The Defendant was 21 years old at the time of offending. He is now 24 years.
The defence says this case is a type of case such as Romeo and Juliette loving stories against the position of the parents.
The Defendant has performed a custom ceremony to the Complainant and her family to show his remorse and reconciliation towards the incidents of May 2001. A letter of 18 August 2004 was produced to the Court to this effect.

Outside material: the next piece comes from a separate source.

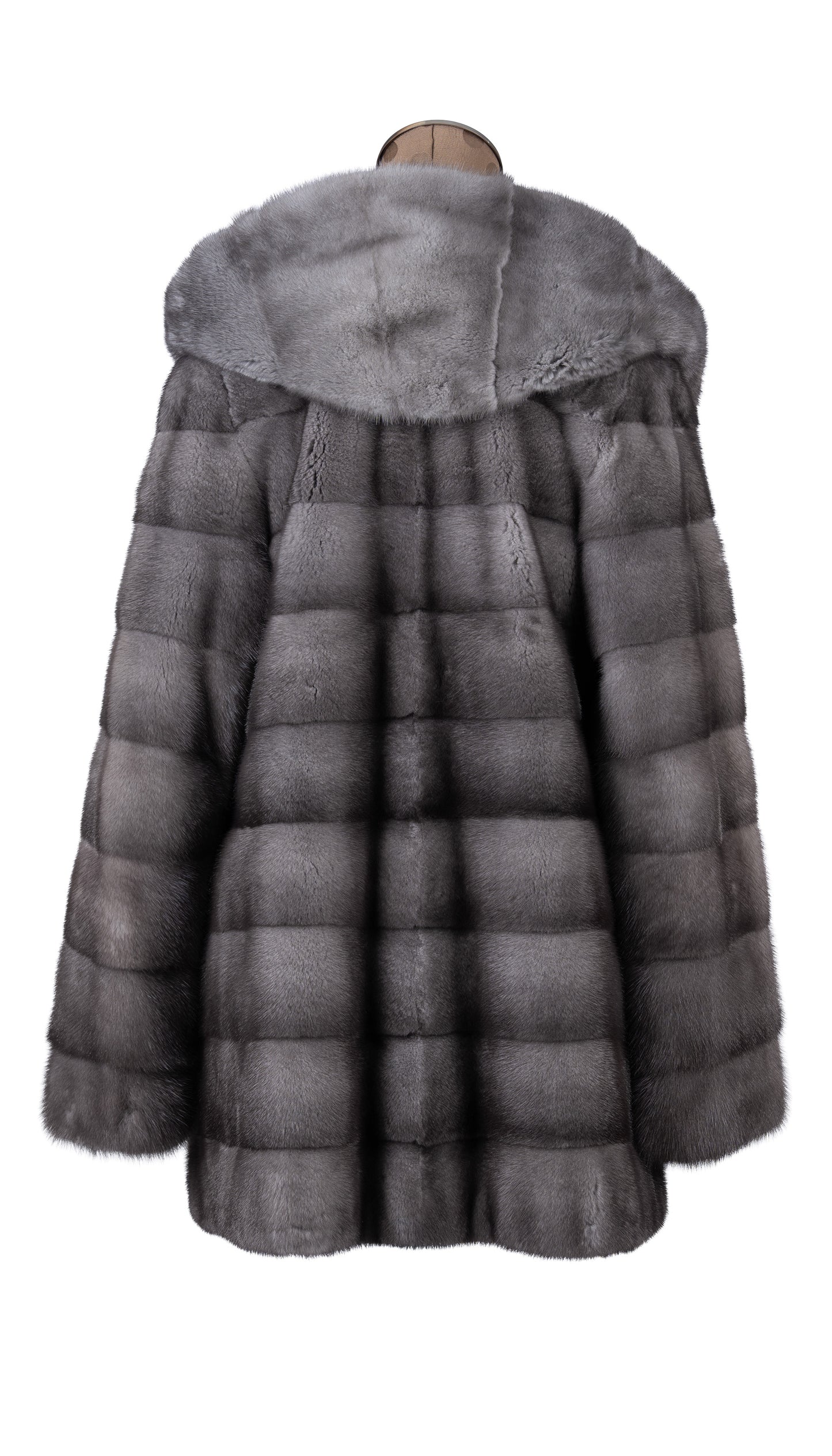 Blue Iris Mink Jacket With Hood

The Defendant and the Complainant girl are now living together as husband and wife.
Sections 28 and 97(2) of the Penal Code Act constitute the relevant provisions and they read as follows:-
"ATTEMPTS
28.(1) An attempt to commit a criminal offence is committed if any act is done or omitted with intent to commit that crime and such act or omission is a step towards the commission of that crime which is immediately connected with it, or would have been had the facts been as the offender supposed them to be.
(2) An attempt shall be committed notwithstanding that complete commission of the offence was impossible by reason of a circumstance unknown to the offender.

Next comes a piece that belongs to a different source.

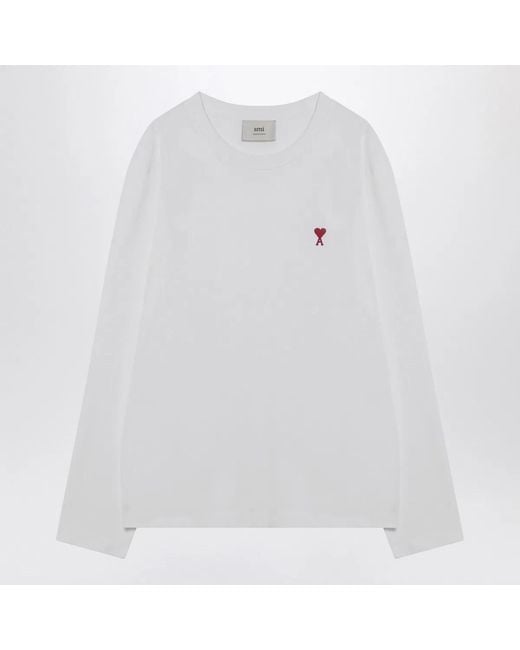 AMI White Ami De Coeur Sweater for men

(3) Acts committed in mere preparation of an offence shall not constitute an offence.
(4) The commission of an attempted offence shall constitute an offence punishable in the same manner as the offence concerned.
(5) The criminal responsibility of a person committing an attempted offence who voluntarily withdraws from the attempts before the offence has been committed shall be diminished."
"UNLAWFUL SEXUAL INTERCOURSE
97.(2) No person shall have sexual intercourse with any girl under the age of 15 years but of or over the age of 13 years.
Penalty: Imprisonment for 5 years.
(3) It is no defence to a charge under this section that the girl consented or that the person charged believed that the girl was of or over the age in question.
(4) The girl shall not be charged as a party to an offence under this section."
The Public Prosecutor submits that the only reason the intercourse did not occur on the two occasions it was attempted by the Defendant, was the Complainant's vagina was too small. This made a complete commission of the intercourse impossible but was a circumstance unknown to the offender; s 28(2). These attempts are punishable in the same manner as unlawful sexual intercourse under s 97(2) and the criminal responsibility of the defendant is not diminished under s 28 (5).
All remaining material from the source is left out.